My painting's going very slowly at the moment, mainly due to real life commitments, and I've pretty much resigned myself to not getting the miniatures I want painted done by the time BOYL 2014 comes around.

However I did realise while painting my last batch of orcs that I struggle with enthusiasm at the base coating stage, so this time around I tried changing from my normal routine. Rather than basecoat everything then shade and highlight second, I tried with a couple of chaos warriors doing each main area fully from basecoat to finished, then moving on to the next. It does seem to help with the motivation side of things, even though I'm not sure it makes me any faster. So I think I'll stick with that approach for a while.

I'm not 100% happy with the way these two ended up. The shields especially I think are rather weak, after thinking with my last batch I had done a decent job on shields. And the green armoured guy has a rather heavy handed shading wash, amongst other things.

Other than doing the bases I need to move on to the next pieces now though. I'll come back these along with others of my recent efforts once I can field a useful amount of painted figures. Meanwhile the lesson learned is (surprise) preparation is key - although I'm loath to chop at the figure the green chap needs to lose his shield boss to give me a flat area to work on, whereas his compatriot needs some work to flatten out the join between his shield and the figure.

I've a battle looming in less than a week though, and at least 3 more figures (ideally 5) to get done by then...

Sunday, 27 April 2014

More orcs, finally

Hectic real life and occasional lack of motivation have slowed my painting speed to a crawl in recent months, but my next batch of orcs is finally ready (for basing), including the first few of Erny's generous donation.

Their standard bearer isn't done yet (still in The Jar) and I've another 8 to add another day once I've been sidetracked onto some other units.

Amongst the many things I've learned from the Oldhammer forum is that it's OK to have irregular troops still have a unit identity. Hence these chaps are all painted in a variety of muted brows with the occasional touch of reds, and all have the same shield device (although they didn't all get the memo about the white background). The chaps at the left and right ends of the rear rank have kept their original 1980s paint job, except for new sheilds, hence the significantly different skin tones. There's reasonable variation even within the new batch though, so no harm there.
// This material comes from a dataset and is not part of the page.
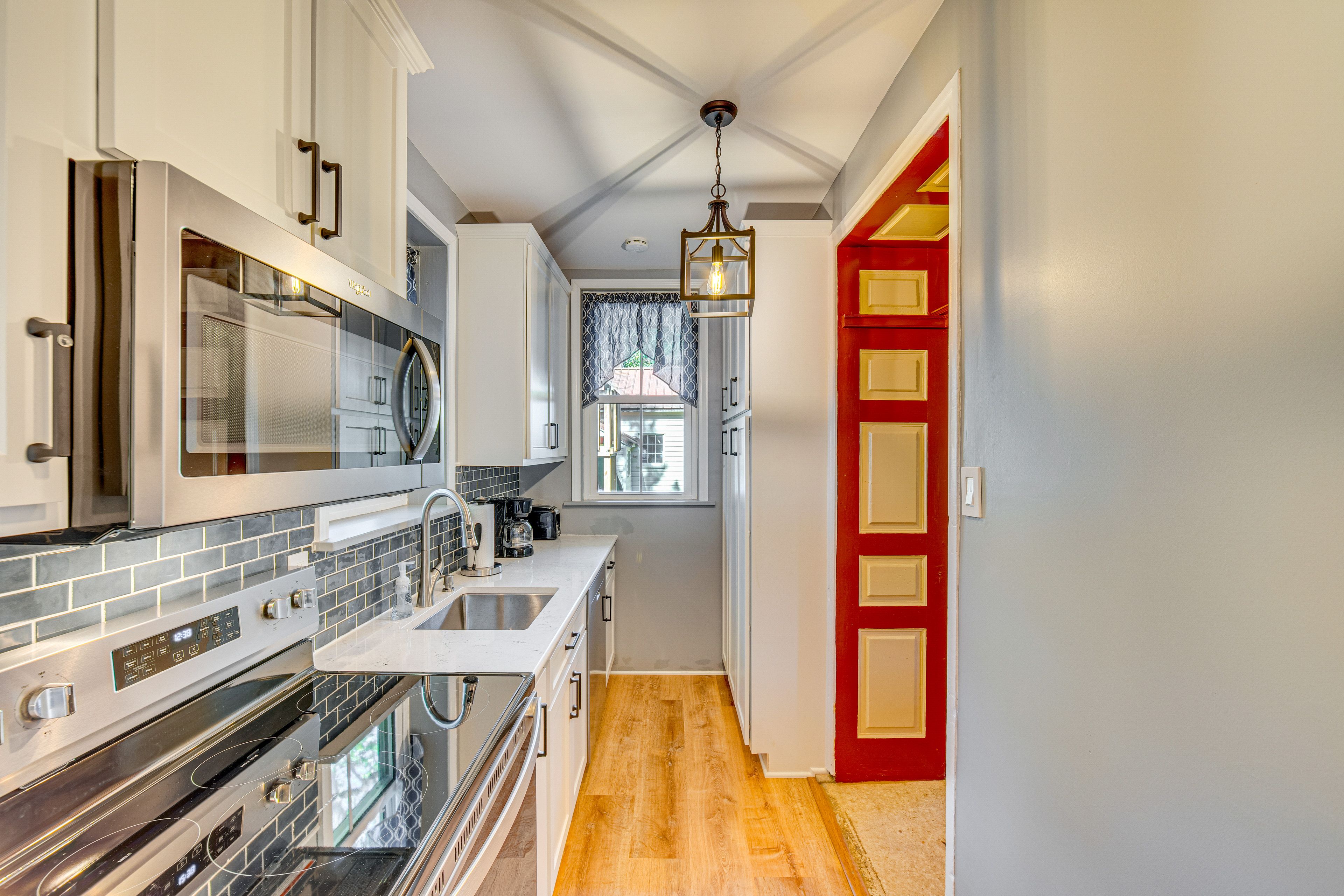 Kitchen | Dishwasher | Refrigerator | 1st Floor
Originally my main Boyz unit was the classic Bad Moon tribe with red shield devices, but since this lot have an unhealthy association with a bunch of chaos followers, and with Morrslieb being green like them, I figured a slight colour change was appropriate. They're hence now the Mad Moon tribe (it'll end in tears...).

There's still plenty of room for improvement with my freehand sheilds, but they're getting better. 

Monday, 14 April 2014

Random parenting insight into my hobbies

Inspired by Snicket's vaguely related post about younger relatives and gaming I've finally dusted this off my draft pile... Posts on consecutive days? Whatever next?!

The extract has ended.